Reconciliation prompts companies to look for 'new ways to collaborate'
Published: 3 May 2005 10:35 GMT
Hewlett-Packard has buried the hatchet on a long-standing patent dispute with EMC, agreeing to pay $325m to settle the case.
Under the terms of the settlement, HP can satisfy the $325m payment by purchasing an equivalent amount of EMC products, such as its VMware line of server software, within five years. The companies have also signed a five-year cross-licensing agreement and said they will look for new ways to collaborate.

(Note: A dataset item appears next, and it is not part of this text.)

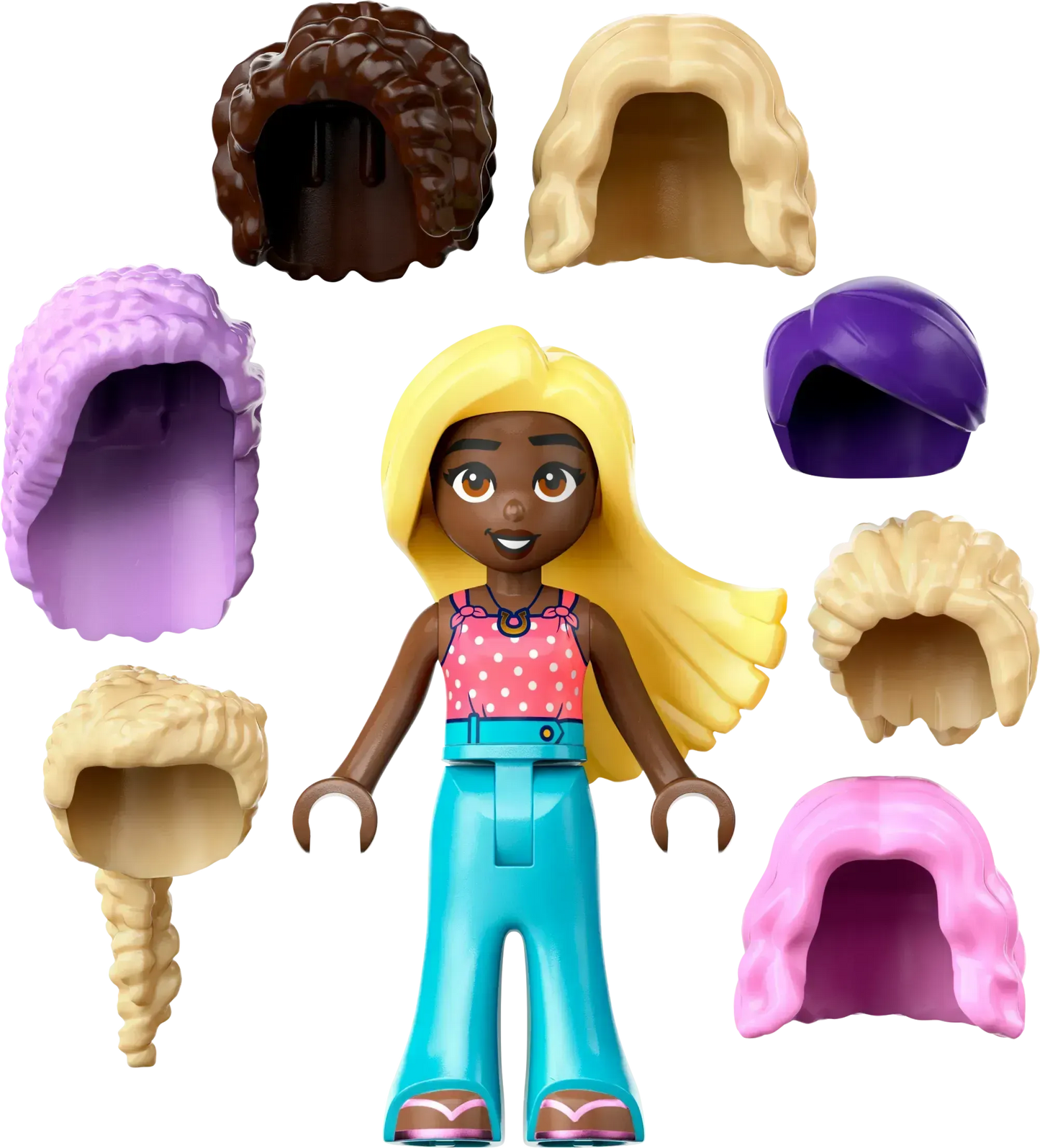 LEGO Friends Friseursalon 42662 Freunde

HP and EMC initiated settlement talks in February, after a federal jury found that HP had infringed on patents protecting EMC's data storage technology. The companies had been litigating the matter since 2002, when HP filed a complaint against EMC. The storage specialist responded with a countersuit.

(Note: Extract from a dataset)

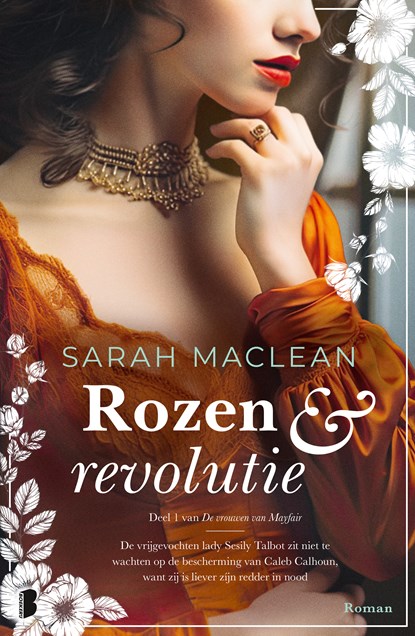Rozen & revolutie, Sarah MacLean - Ebook - 9789402322835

The disputed patents related specifically to technology for transferring data between different storage formats, moving data from one storage system to another, connecting servers to storage systems, data mirroring and mainframe data storage.

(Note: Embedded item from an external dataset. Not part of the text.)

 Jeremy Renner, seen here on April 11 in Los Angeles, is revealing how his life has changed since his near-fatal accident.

Joe Beyers, HP vice president of intellectual-property licensing, said in a statement: "HP is happy to conclude this matter in a way that recognises the strength of both companies' intellectual-property portfolios and provides positive benefits to customers desiring interoperable multi-vendor solutions."
The bad blood between the two companies dates back to 1999, when HP swapped EMC for Hitachi as its partner of choice in the high-end storage market and proclaimed EMC's products old and proprietary.
But throughout their wrangling, HP has continued to help EMC sell VMware, a software product that EMC acquired last year which lets a single workstation run multiple operating systems.